Im engeren Sinne, weil Musik häufig eine Entspannungsreaktion oder die Ausschüttung von Endorphinen auslöst. Im weiteren Sinn, weil manche Musik nur Musik zu sein scheint, tatsächlich aber keine Wirkstoffe enthält. Mit medizinischen Assoziationen hat das in London gegründete Kollegium um den Sänger Brian Molko natürlich immer gespielt. Zum einen waren da die Selbstexperimente im Bereich der Pharmazie. Zum anderen die Heilungsversprechen, die von ihren wohlig-dramatischen bisexuell angegrufteten Songs ausgingen.

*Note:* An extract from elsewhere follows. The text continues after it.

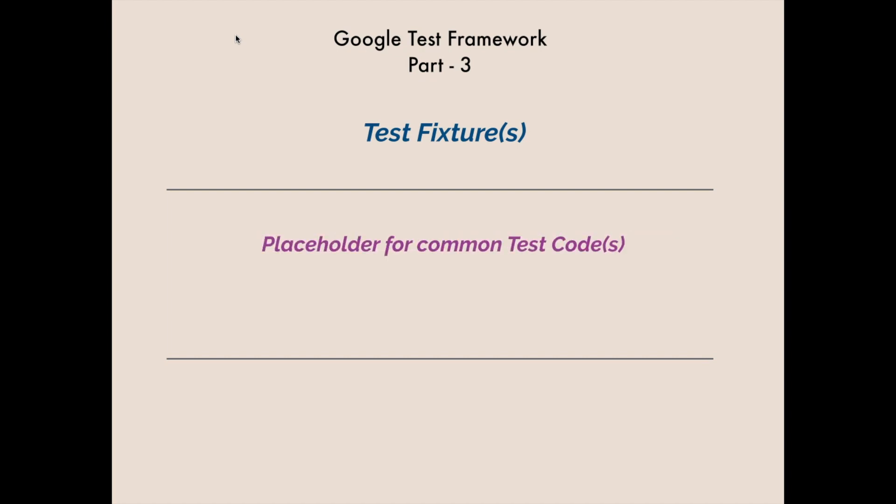Hello there, good day. Welcome to the Google test framework part 3 and the topic of today's video is test fixtures. So what are test fixtures? This is a placeholder for common test code which can be used in multiple tests.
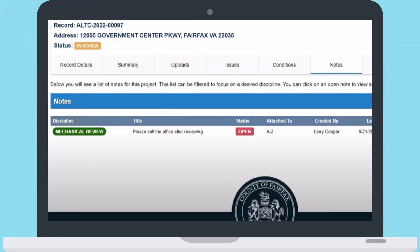Notes are markups or comments that are informational in nature. Notes do not need to be addressed in the field by the inspection staff and do not cause the plan review to be rejected.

Der Ich-Erzähler befindet sich in den Texten von Placebo häufig in psychosozial instabilem Zustand. So auch beim aktuellen Hit „For What It’s Worth“, in dem es immer wieder heißt: „Got no friends, got no lover.“ Die stimmungsaufhellende Wirkung des Songs hat durch Dauergabe über die üblichen Radiowellen schon etwas nachgelassen. Doch für Placebo selbst scheint die Therapie weiterhin gut anzuschlagen. Trotz der Praxisgebühr von durchschnittlich 10 bis 15 Euro ist die Schallwellengabe für viele ihrer Patienten derzeit das Mittel der Wahl. Was der Band mit dem sechsten Album in 13 Jahren erstmals einen ersten Platz in den deutschen Album-Charts einbringt. Und das wohlgemerkt aus eigener Kraft, ohne Vertrag mit einem Major-Label.

Auch wenn sie die Pathos-Dosis abermals gesteigert haben und sich die Gabe orchestraler Streichersätze verordnet haben – von einem „slow motion suicide“ sind Placebo weit entfernt. Gute Worte sind eben manchmal wirkungsvoller als Pillen. Falls Molko und Kollegen wider Erwarten rückfällig und durch Abusus narkotischer Wortbildungen auffällig werden sollten, empfiehlt sich die Hinzuziehung von Kapazitäten auf dem Gebiet des positiven Denkens. Prophylaktisch schreiben wir mal eine Überweisung an Die Ärzte.